Records contained in a dataset
::::::::::

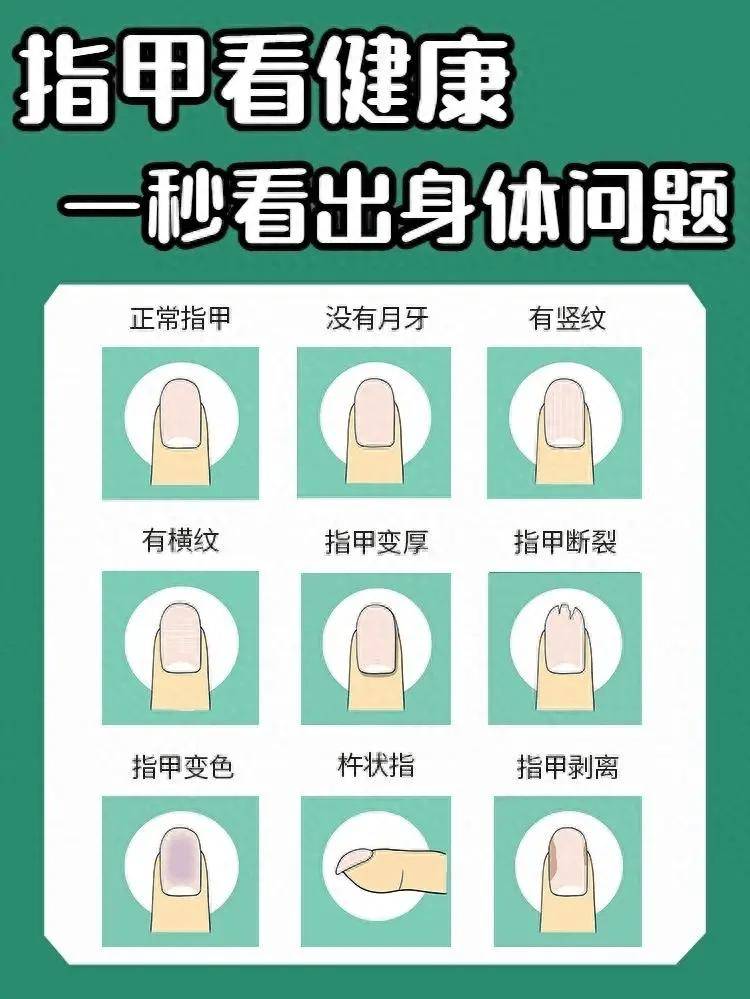 指甲有横纹怎么回事?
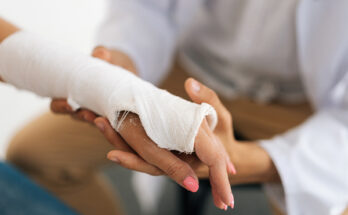 Hand Surgery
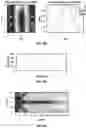 Fig. 18 - Implants using ultrasonic backscatter for detecting electrophysiological signals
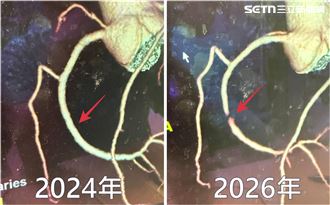 台中男主管胸悶 醫驚：右冠狀動脈1節不見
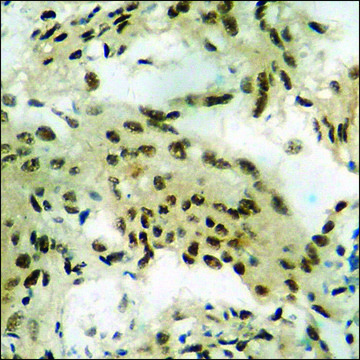 Anti-phospho-GR (pSer203) antibody produced in rabbit affinity isolated antibody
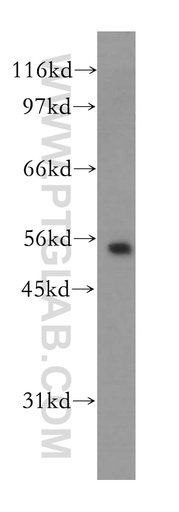 [12696-1-AP-20UL] Kir5.1 Polyclonal antibody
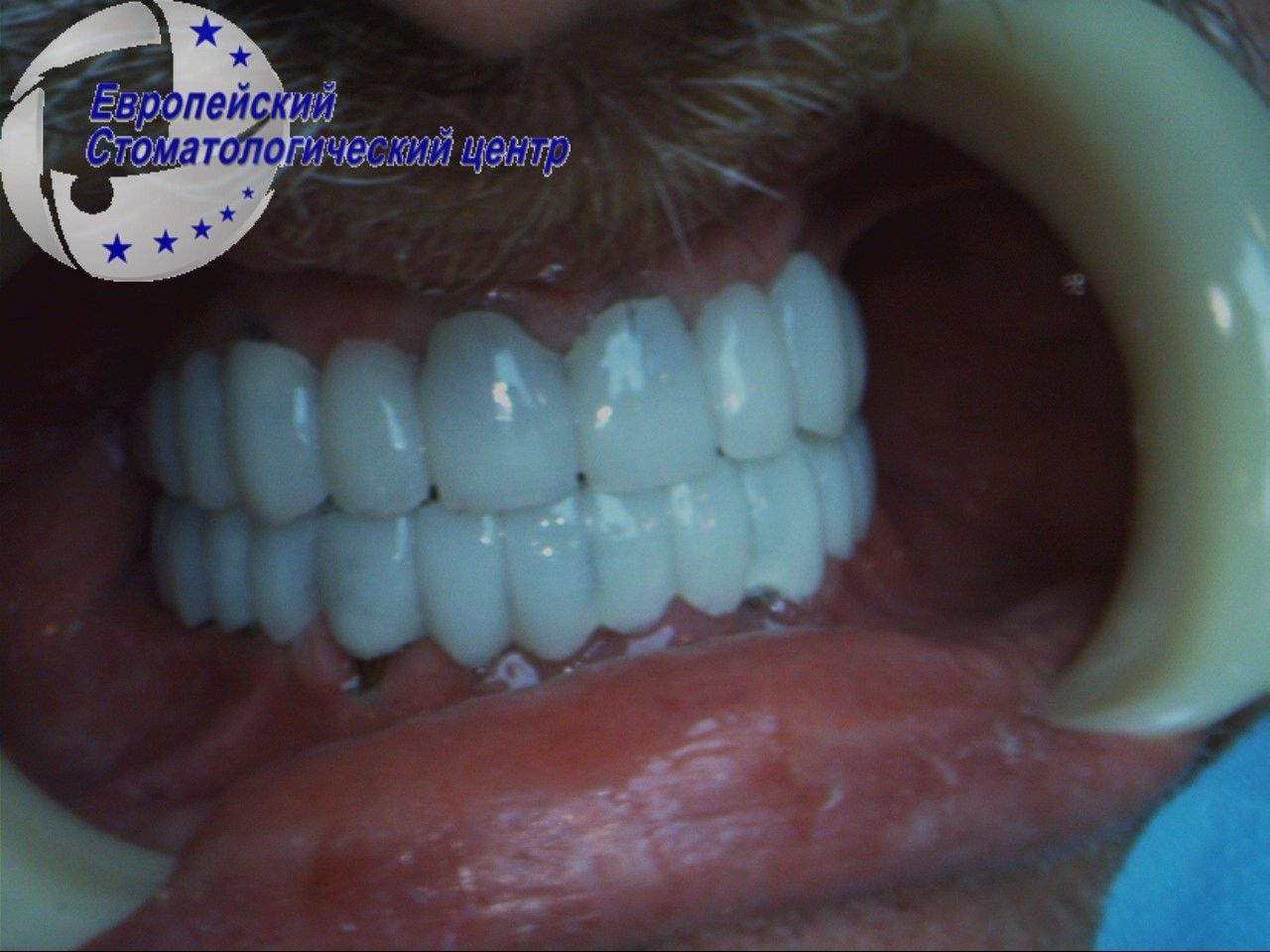implatacija 13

::::::::::

Your objective: Repeat the data exactly as written, but without the pictures.

Answer space:
 指甲有横纹怎么回事?
 Hand Surgery
 Fig. 18 - Implants using ultrasonic backscatter for detecting electrophysiological signals
 台中男主管胸悶 醫驚：右冠狀動脈1節不見
 Anti-phospho-GR (pSer203) antibody produced in rabbit affinity isolated antibody
 [12696-1-AP-20UL] Kir5.1 Polyclonal antibody
implatacija 13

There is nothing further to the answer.